Data section Block Start

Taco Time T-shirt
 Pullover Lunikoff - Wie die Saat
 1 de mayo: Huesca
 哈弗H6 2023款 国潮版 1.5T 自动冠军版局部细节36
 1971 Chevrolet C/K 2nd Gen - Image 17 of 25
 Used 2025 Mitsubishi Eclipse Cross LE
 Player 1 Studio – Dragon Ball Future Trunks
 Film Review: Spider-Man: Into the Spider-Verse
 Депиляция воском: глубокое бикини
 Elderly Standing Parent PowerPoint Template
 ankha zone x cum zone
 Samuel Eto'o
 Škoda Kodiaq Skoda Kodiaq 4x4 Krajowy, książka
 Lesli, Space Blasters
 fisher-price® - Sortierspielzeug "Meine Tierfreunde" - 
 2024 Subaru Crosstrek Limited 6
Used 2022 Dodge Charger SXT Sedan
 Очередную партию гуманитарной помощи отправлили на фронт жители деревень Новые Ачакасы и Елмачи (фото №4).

Data section Block End

» **Your task**: Nothing but the lines from the one with "Player 1 Studio – Dragon Ball Future Trunks" through the end of the data above should be repeated, each exactly as it stands.

» **Finished exercise**:
 Player 1 Studio – Dragon Ball Future Trunks
 Film Review: Spider-Man: Into the Spider-Verse
 Депиляция воском: глубокое бикини
 Elderly Standing Parent PowerPoint Template
 ankha zone x cum zone
 Samuel Eto'o
 Škoda Kodiaq Skoda Kodiaq 4x4 Krajowy, książka
 Lesli, Space Blasters
 fisher-price® - Sortierspielzeug "Meine Tierfreunde" - 
 2024 Subaru Crosstrek Limited 6
Used 2022 Dodge Charger SXT Sedan
 Очередную партию гуманитарной помощи отправлили на фронт жители деревень Новые Ачакасы и Елмачи (фото №4).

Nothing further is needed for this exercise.